On my Facebook page, I occasionally post a “Historical Fact of the Day”–generally the one interesting thing I’ve discovered in eight or ten hours of hard historical slog. It occurs to me that some of my Gentle Readers might not be on Facebook (if you can imagine such a thing), so every once in a while I’ll post a digest here. Like this short collection of last week’s Historical Facts…
In 1697, Peter the Great left Russia to visit Europe. He travelled incognito, under the name Peter Mikhailov. Incognito, that is, with two hundred courtiers, trumpeters, surgeons, soldiers, and court dwarves. Oh, and he was six foot eight.
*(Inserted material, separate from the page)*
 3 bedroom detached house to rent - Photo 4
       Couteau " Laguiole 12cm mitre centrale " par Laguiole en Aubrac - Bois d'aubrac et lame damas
—Peter the Great: A Biography, Lindsey Hughes
In 1115, King Koloman of Hungary, blinded both his brother Almos and his brother’s 5-year-old son Bela. This, he thought, would guarantee the right of his own son Stephen to the throne. The year after, he died and Stephen became king; but he died childless in 1131. His cousin Bela then inherited and ruled perfectly well for ten years as Bela the Blind. (His wife did help him out quite a lot.)
—Ritual and Politics, Zbigniew Dalewski
Roger II, Norman Count of Sicily/southern Italy, got himself crowned actual king in 1130 by Pope Anacletus II (himself facing a papal rival and needing Norman military backup). “While Roger welcomed the formal approval of a pope…his own views are perhaps best expressed in a famous mosaic in Palermo…[which] shows Roger receiving the crown from Christ himself.” Good to have that straight.
—The Normans, Marjorie Chibnall
In 1103, Bohemond of Antioch escaped the hostile Byzantine emperor by spreading rumors of his death and then leaving in a coffin: “In order that the corpse might be in a state of rare putrefaction, they cut the throat of a cock and put that in the coffin with him. By the fourth or fifth day, the horrible stench was obvious to anyone who could smell.” Seasickness isn’t in it.